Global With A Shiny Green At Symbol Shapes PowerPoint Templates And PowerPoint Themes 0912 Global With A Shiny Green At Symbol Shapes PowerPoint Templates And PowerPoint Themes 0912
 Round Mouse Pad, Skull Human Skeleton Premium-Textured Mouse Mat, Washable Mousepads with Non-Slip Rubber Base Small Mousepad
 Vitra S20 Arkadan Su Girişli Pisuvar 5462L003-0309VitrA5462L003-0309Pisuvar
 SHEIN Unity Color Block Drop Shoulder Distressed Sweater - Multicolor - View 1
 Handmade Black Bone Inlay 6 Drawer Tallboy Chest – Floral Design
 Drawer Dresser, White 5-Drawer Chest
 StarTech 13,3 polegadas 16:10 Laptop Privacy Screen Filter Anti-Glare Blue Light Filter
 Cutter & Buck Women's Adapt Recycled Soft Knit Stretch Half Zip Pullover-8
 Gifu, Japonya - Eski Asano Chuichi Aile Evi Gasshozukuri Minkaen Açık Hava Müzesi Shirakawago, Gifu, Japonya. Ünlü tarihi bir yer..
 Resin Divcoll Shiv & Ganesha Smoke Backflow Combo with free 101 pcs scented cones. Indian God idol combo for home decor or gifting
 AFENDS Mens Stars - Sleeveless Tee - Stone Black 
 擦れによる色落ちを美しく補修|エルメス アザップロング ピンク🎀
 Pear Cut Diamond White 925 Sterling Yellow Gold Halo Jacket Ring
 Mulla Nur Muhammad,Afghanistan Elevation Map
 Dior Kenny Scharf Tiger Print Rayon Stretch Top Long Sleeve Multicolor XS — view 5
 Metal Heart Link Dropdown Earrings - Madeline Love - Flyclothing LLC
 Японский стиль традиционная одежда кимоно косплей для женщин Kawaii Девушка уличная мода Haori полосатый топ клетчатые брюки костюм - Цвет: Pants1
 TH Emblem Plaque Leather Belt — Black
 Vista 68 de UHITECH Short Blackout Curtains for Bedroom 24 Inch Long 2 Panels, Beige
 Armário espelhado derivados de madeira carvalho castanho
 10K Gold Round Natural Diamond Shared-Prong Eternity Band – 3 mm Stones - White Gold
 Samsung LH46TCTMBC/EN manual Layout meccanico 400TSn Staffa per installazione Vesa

Assignment:
What is needed is an exact copy of the entries above, from the first line through the line holding "Gifu, Japonya - Eski", with both of those lines kept; please give nothing else.

The completed task:
Global With A Shiny Green At Symbol Shapes PowerPoint Templates And PowerPoint Themes 0912 Global With A Shiny Green At Symbol Shapes PowerPoint Templates And PowerPoint Themes 0912
 Round Mouse Pad, Skull Human Skeleton Premium-Textured Mouse Mat, Washable Mousepads with Non-Slip Rubber Base Small Mousepad
 Vitra S20 Arkadan Su Girişli Pisuvar 5462L003-0309VitrA5462L003-0309Pisuvar
 SHEIN Unity Color Block Drop Shoulder Distressed Sweater - Multicolor - View 1
 Handmade Black Bone Inlay 6 Drawer Tallboy Chest – Floral Design
 Drawer Dresser, White 5-Drawer Chest
 StarTech 13,3 polegadas 16:10 Laptop Privacy Screen Filter Anti-Glare Blue Light Filter
 Cutter & Buck Women's Adapt Recycled Soft Knit Stretch Half Zip Pullover-8
 Gifu, Japonya - Eski Asano Chuichi Aile Evi Gasshozukuri Minkaen Açık Hava Müzesi Shirakawago, Gifu, Japonya. Ünlü tarihi bir yer..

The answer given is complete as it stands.